Hooks are units of work carried out before the redirect for the user’s browser is issued.

There is a list of hooks (possibly empty) for each route specified in the configuration.

Each hook is run in sequence.If any hook raises an exception, the user will receive an error rather than a redirect.

Because (at least at present) hooks are, by definition, located inside the ghostwriter.hooks Python module namespace, any additions or modifications to hooks are code and repository changes. Therefore, any proposed hooks or modififactions to existing ones will need to go through the SQuaRE PR process.

Anatomy of a Hook

A hook is an async Python function that takes one argument, a ghostwriter.models.substitution.Parameters instance, and returns either None or ghostwriter.models.substitution.Parameters.

To signal failure, a hook should raise an Exception.

If a hook does not wish to modify the parameters used by future hooks or route substitution, it should return None.

If it does return an object, that object will first be checked to ensure only the target and unique_id fields changed. If any other field changed, an exception will be raised. The returned Parameters object will be used as the input to subsequent hooks and to update the target path that will be substituted.

That’s the whole thing.

Within those constraints, a hook can do whatever it likes.

Parameters

Obviously that begs the question of “what’s in a Parameters object?”

Three of the fields are obvious: they are base_url, path, and user, all used in path construction for the redirect.

Two fields are only for use by the hook itself: those are target and unique_id. The target field will be injected when the hook is run, and the unique_id field may be populated. These two are the only fields a hook is permitted to change if it returns a Parameters object. The target may need to be rewritten to accomodate a unique_id. The motivation here is simply to avoid rewriting existing files: the correct response is context-dependendent, and might be to redirect to the existing file, but it equally well might be to create a new file under a different name. In this case, the file name stem (that is, the part before the suffix) might need to be appended with a unique_id, which could be (again, the best choice depends on context) a serial number, as in Untitled2.ipynb, or a string representation of the date and time, or simply a UUID. The unique_id can be any string legal in a filename, as long as the filename containing it will be distinct from any other filename in the directory. Guaranteeing that it is unique is the job of the hook writer. Given the context, the existing hooks do not worry much about race conditions. If you are using the date or an incrementing integer…you are still in an RSP context, so it’s very unlikely a user will go to the same redirected URL twice in the same microsecond, or even twice within the time it takes to write out a notebook. If you do have some high-frequency use case, a UUID would be a better choice.
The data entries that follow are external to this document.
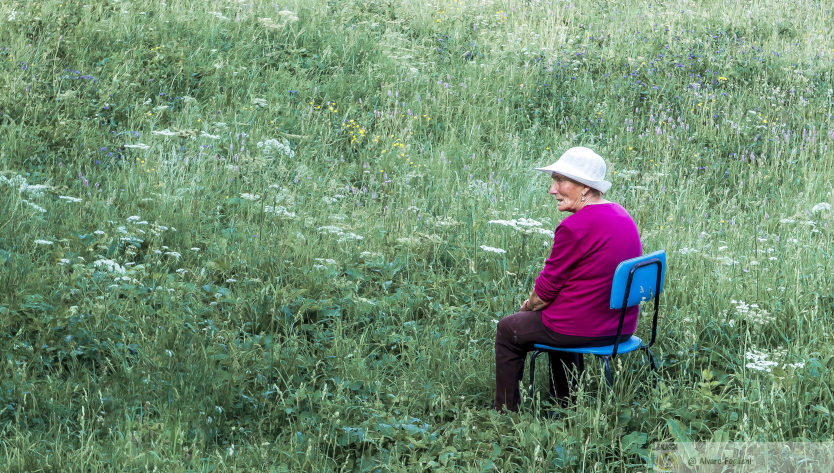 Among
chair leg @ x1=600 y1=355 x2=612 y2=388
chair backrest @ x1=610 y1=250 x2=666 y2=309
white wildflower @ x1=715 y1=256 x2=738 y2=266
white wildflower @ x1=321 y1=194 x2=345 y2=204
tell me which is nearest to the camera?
chair backrest @ x1=610 y1=250 x2=666 y2=309

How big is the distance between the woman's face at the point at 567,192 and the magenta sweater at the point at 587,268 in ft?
0.47

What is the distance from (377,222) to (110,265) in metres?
2.32

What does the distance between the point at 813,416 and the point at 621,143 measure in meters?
5.30

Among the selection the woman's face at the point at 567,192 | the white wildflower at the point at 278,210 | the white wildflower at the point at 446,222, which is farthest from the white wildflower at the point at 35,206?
the woman's face at the point at 567,192

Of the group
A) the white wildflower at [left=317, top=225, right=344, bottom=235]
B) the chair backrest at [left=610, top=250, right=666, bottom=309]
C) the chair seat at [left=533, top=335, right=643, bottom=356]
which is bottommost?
the white wildflower at [left=317, top=225, right=344, bottom=235]

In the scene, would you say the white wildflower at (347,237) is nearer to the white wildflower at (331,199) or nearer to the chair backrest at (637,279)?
the white wildflower at (331,199)

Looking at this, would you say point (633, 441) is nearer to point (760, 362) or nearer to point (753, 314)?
point (760, 362)

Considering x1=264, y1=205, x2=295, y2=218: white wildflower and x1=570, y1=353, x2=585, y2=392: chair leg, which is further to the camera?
x1=264, y1=205, x2=295, y2=218: white wildflower

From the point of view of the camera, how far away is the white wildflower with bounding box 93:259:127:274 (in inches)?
197

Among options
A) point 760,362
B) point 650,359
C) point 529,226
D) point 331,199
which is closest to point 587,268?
point 650,359

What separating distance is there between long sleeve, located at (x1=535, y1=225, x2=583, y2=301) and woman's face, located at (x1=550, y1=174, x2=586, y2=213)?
218 mm

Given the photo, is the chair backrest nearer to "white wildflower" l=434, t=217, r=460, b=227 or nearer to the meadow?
the meadow

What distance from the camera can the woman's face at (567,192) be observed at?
168 inches

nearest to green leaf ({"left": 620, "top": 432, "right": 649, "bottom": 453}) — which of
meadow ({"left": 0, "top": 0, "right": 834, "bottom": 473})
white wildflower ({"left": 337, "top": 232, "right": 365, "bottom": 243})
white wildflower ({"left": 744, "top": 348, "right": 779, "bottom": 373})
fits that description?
meadow ({"left": 0, "top": 0, "right": 834, "bottom": 473}) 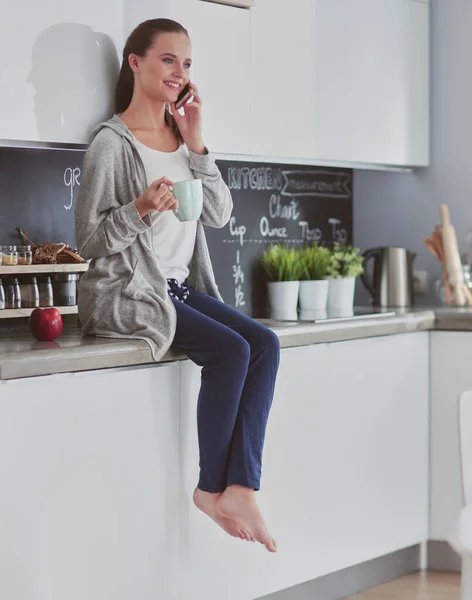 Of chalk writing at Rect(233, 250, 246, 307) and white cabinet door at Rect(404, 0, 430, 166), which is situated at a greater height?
white cabinet door at Rect(404, 0, 430, 166)

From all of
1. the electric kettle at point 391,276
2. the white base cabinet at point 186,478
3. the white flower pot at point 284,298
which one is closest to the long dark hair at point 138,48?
the white base cabinet at point 186,478

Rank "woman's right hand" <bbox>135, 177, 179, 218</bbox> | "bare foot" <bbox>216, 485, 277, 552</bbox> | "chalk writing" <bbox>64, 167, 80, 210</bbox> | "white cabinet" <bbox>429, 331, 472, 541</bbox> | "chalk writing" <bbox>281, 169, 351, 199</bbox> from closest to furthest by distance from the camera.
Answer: "woman's right hand" <bbox>135, 177, 179, 218</bbox>, "bare foot" <bbox>216, 485, 277, 552</bbox>, "chalk writing" <bbox>64, 167, 80, 210</bbox>, "white cabinet" <bbox>429, 331, 472, 541</bbox>, "chalk writing" <bbox>281, 169, 351, 199</bbox>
The final pair of fields are slightly more obscure: token and client (strictly speaking, token is superfluous since it is very likely only be useful in the context of client, which already knows it, and from which it could be extracted).

The client field contains a Nublado client loaded with the given token, which can be used directly (as mobu and noteburst do) to execute Python code (or whole notebooks) within the context of a kernel within a Nublado JupyterLab. It can also be used as a generic (yet authenticated) HTTP client for the rest of a Phalanx environment, and thus can be used to talk to any other service, or to the API endpoints within a Lab environment.

The token, from a Gafaelfawr standpoint, is delegated with the notebook: {} parameter, meaning that it has identical powers to the token the user got from their initial login via Gafaelfawr.

In effect, that means that the RSP client can perform complete impersonation of the user: anything that user could do inside a given Phalanx instance, a hook could do via its client.

With great power comes great responsibility.

Example

The portal_query hook provides a moderately complex workflow.

Note that it assumes a running Lab for the user.

While this could easily be added to the hook, that workflow already exists as the ensure_running_lab hook, so it’s more economical to simply list portal_query after ensure_running_lab in the list of hooks to run for the /queries/ route.

  1. The query ID is extracted from the path.

  2. This is used to construct the portal query URL.

  3. The client authenticates to the Hub and Lab (since we’ve just run ensure_running_lab this step is likely superfluous, because it’s quite unlikely we would have gotten deauthenticated in the meantime).

  4. The client uses the /api/contents endpoint to determine if the requested query notebook already exists, and returns immediately if it does.

  5. Otherwise, the client constructs the POST to request a templated notebook from the query ID.

After all hooks have finished, the ghostwriter service will return an HTTP redirect pointing to the templated notebook constructed (or left unaltered, if it already existed) by the hook.